Which City Will Be The Next Asian Art Hub? That's The Wrong Question
The most revealing signs of an art scene are not always the loudest ones. In Bangkok and Hanoi, the real story is unfolding in private museums, artist-led projects, and new institutional models that suggest something deeper than a market cycle: the slow construction of cultural infrastructure.
At Dib Bangkok, which opened in December 2025 and has quickly become one of the region's most closely watched private museums, visitors can encounter a James Turrell installation in which light seems to dissolve the room itself. In Hanoi, the Vietnam Art Collection (VAC) opened“Murmur” from April 6 to May 24, 2026, drawing a crowd that mixed local regulars with international travelers. Together, the two cities point to a shift that cannot be measured only by auction totals or fair attendance.
The argument is not that Bangkok or Hanoi have already become the next Hong Kong or Seoul. It is that the comparison may be too narrow. Both cities are in a transitional phase: no longer isolated, but not yet fully consolidated as art hubs. What is emerging instead is a looser, more layered ecosystem shaped by private initiative, experimentation, and long-term patience.
Bangkok offers the more developed example. The city's art landscape now includes the Bangkok Art Biennale, which operates across commercial and public spaces; private ventures such as Dib Bangkok and Bangkok Kunsthalle; and a growing network of galleries and artist-run spaces. Miwako Tezuka, director of Dib Bangkok, said the number of galleries in the city has increased since she first visited in 2018, while more hybrid models have appeared, including commercial galleries such as Bangkok CityCity Gallery and SAC Gallery, which have expanded nonprofit-oriented programming alongside their sales activity.
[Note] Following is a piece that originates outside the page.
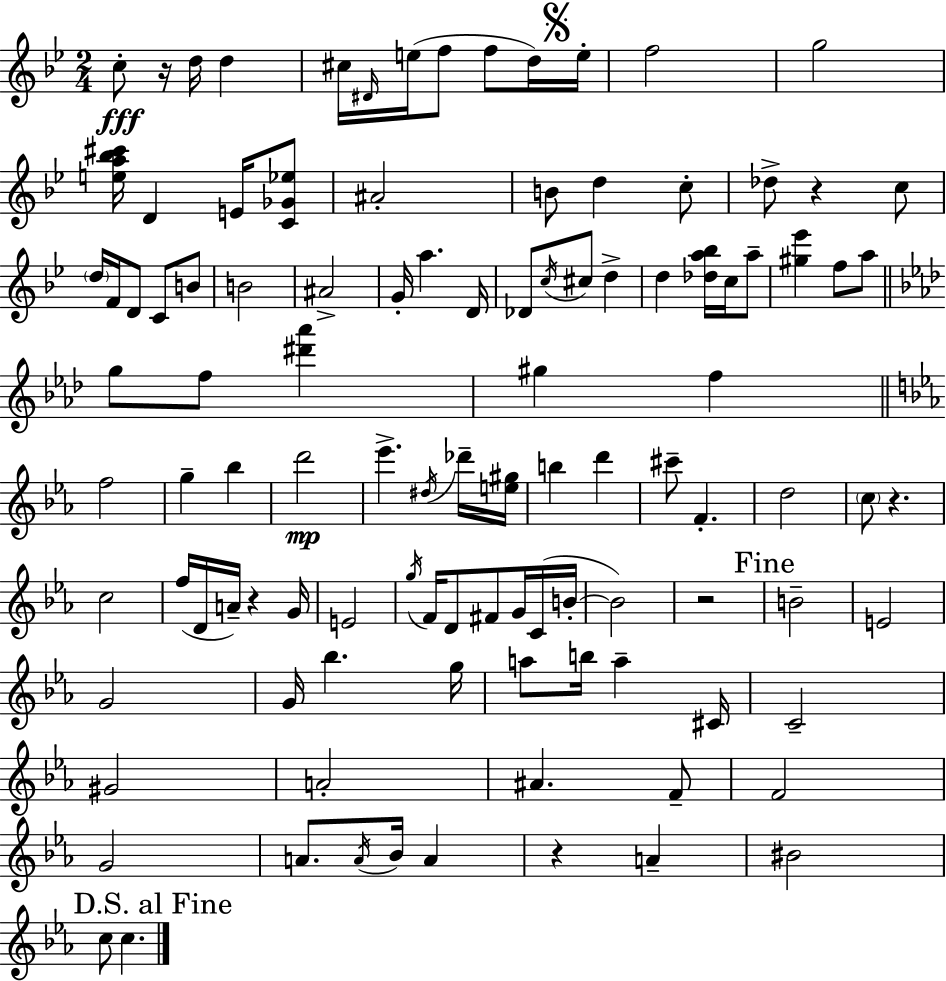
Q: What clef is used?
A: treble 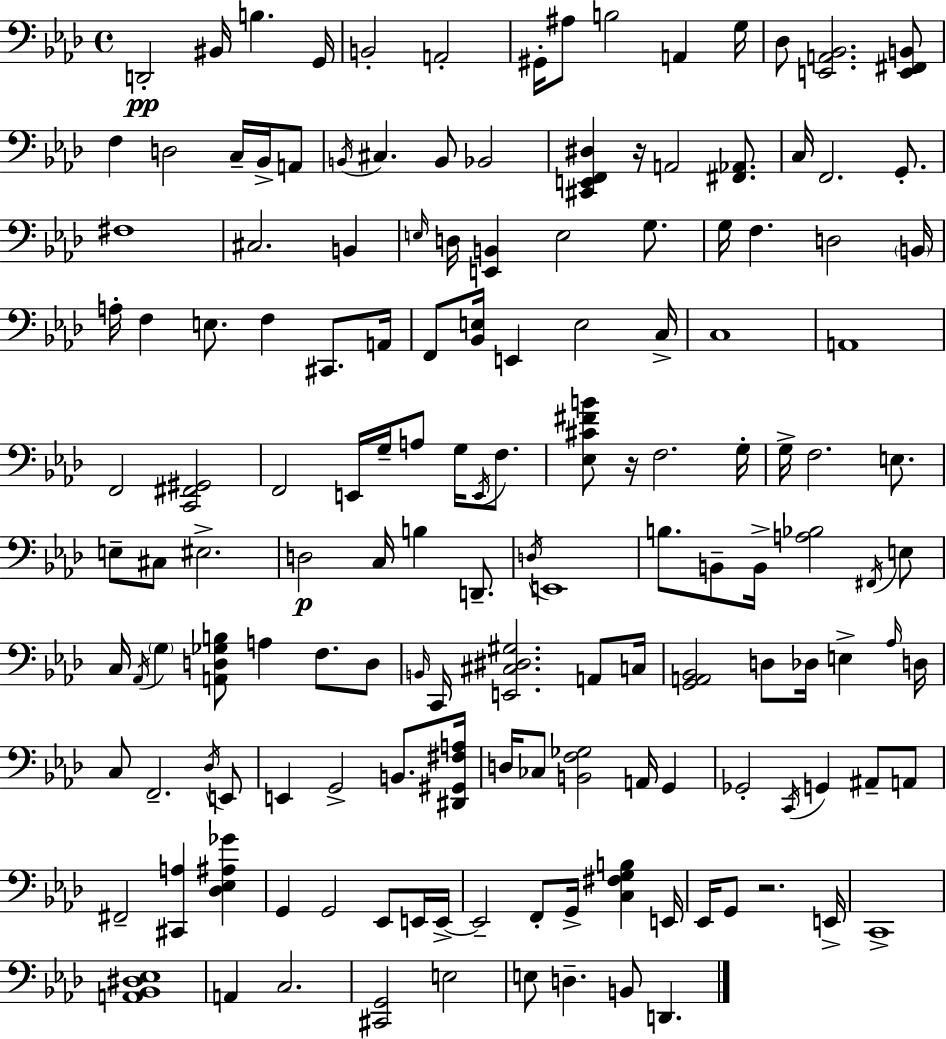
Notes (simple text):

D2/h BIS2/s B3/q. G2/s B2/h A2/h G#2/s A#3/e B3/h A2/q G3/s Db3/e [E2,A2,Bb2]/h. [E2,F#2,B2]/e F3/q D3/h C3/s Bb2/s A2/e B2/s C#3/q. B2/e Bb2/h [C#2,E2,F2,D#3]/q R/s A2/h [F#2,Ab2]/e. C3/s F2/h. G2/e. F#3/w C#3/h. B2/q E3/s D3/s [E2,B2]/q E3/h G3/e. G3/s F3/q. D3/h B2/s A3/s F3/q E3/e. F3/q C#2/e. A2/s F2/e [Bb2,E3]/s E2/q E3/h C3/s C3/w A2/w F2/h [C2,F#2,G#2]/h F2/h E2/s G3/s A3/e G3/s E2/s F3/e. [Eb3,C#4,F#4,B4]/e R/s F3/h. G3/s G3/s F3/h. E3/e. E3/e C#3/e EIS3/h. D3/h C3/s B3/q D2/e. D3/s E2/w B3/e. B2/e B2/s [A3,Bb3]/h F#2/s E3/e C3/s Ab2/s G3/q [A2,D3,Gb3,B3]/e A3/q F3/e. D3/e B2/s C2/s [E2,C#3,D#3,G#3]/h. A2/e C3/s [G2,A2,Bb2]/h D3/e Db3/s E3/q Ab3/s D3/s C3/e F2/h. Db3/s E2/e E2/q G2/h B2/e. [D#2,G#2,F#3,A3]/s D3/s CES3/e [B2,F3,Gb3]/h A2/s G2/q Gb2/h C2/s G2/q A#2/e A2/e F#2/h [C#2,A3]/q [Db3,Eb3,A#3,Gb4]/q G2/q G2/h Eb2/e E2/s E2/s E2/h F2/e G2/s [C3,F#3,G3,B3]/q E2/s Eb2/s G2/e R/h. E2/s C2/w [A2,Bb2,D#3,Eb3]/w A2/q C3/h. [C#2,G2]/h E3/h E3/e D3/q. B2/e D2/q.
Artist-led projects have also played an outsized role. One of the clearest examples is Ghost, the moving-image and performance biennial founded in 2018 by Thai artist Korakrit Arunanondchai and dealer Akapol Op Sudasna. Across three editions, it has moved through multiple sites and formats, earning its reputation as an“anti-biennial” while responding to the city's still-evolving infrastructure.
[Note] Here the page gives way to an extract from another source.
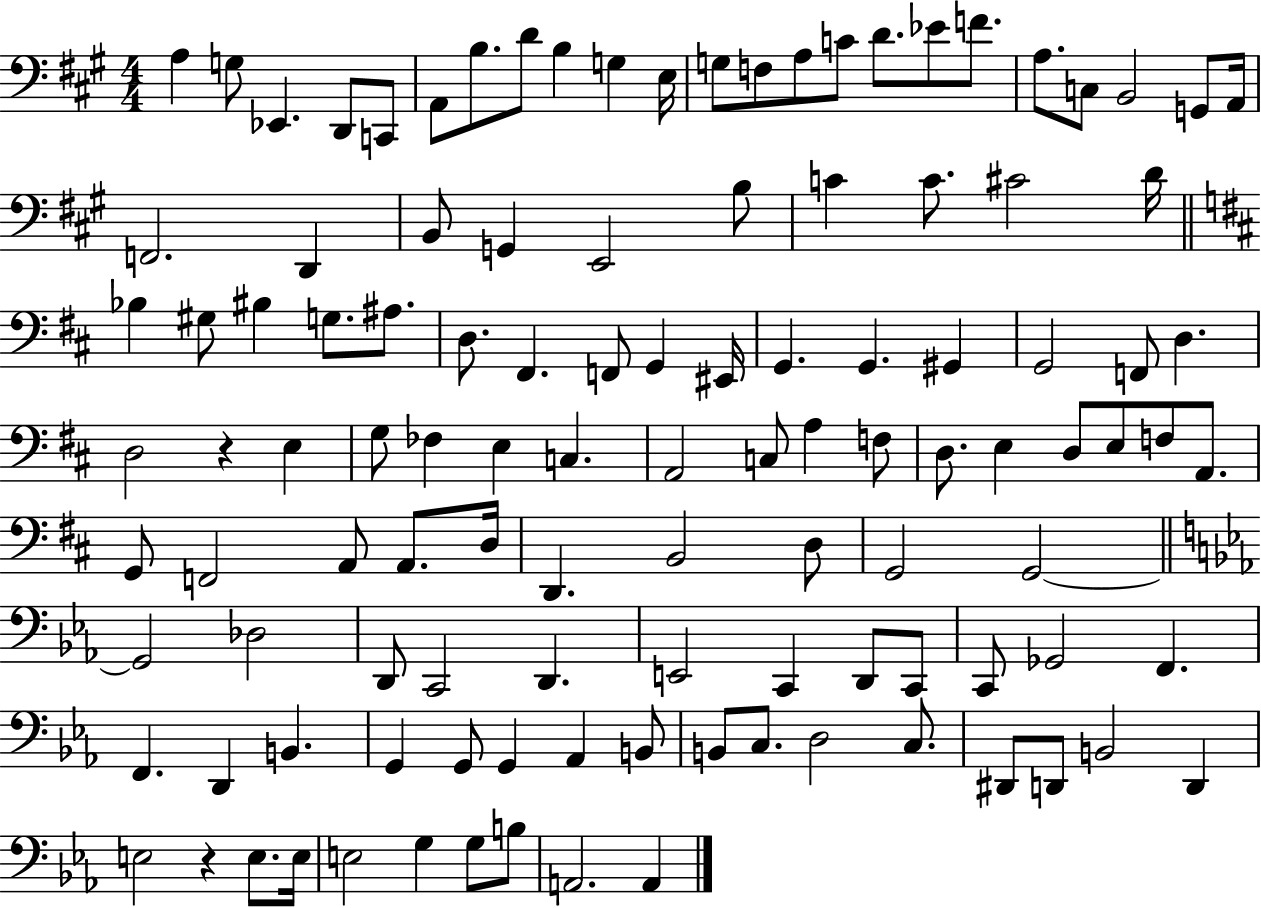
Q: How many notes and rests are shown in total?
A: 114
Hanoi is earlier in the process, but no less compelling. Experimental art practices there can be traced to the late 1990s, and that history still shapes the city's present. Muchun Niu, founder of VAC, said Hanoi has“intellectual depth and experimental energy,” but lacks“infrastructure and sustained global exchange.” Around that gap, a resilient ecosystem has formed through groups such as Nha San Collective, APD Center, A Space, and the corporate-backed VCCA, as well as Hanoi Grapevine, the nonprofit platform that promotes arts and culture in Vietnam.
The broader regional picture is also changing. Vietnam is preparing to debut a pavilion at the Venice Biennale, curated by Do Tuong Linh, while a new government-recognized art fair is recruiting galleries from around the world. Those developments suggest that the question is no longer which city will“win” the race to become Asia's next art capital. The more interesting question is how Bangkok and Hanoi are building something slower, more local, and potentially more durable than the familiar hub model.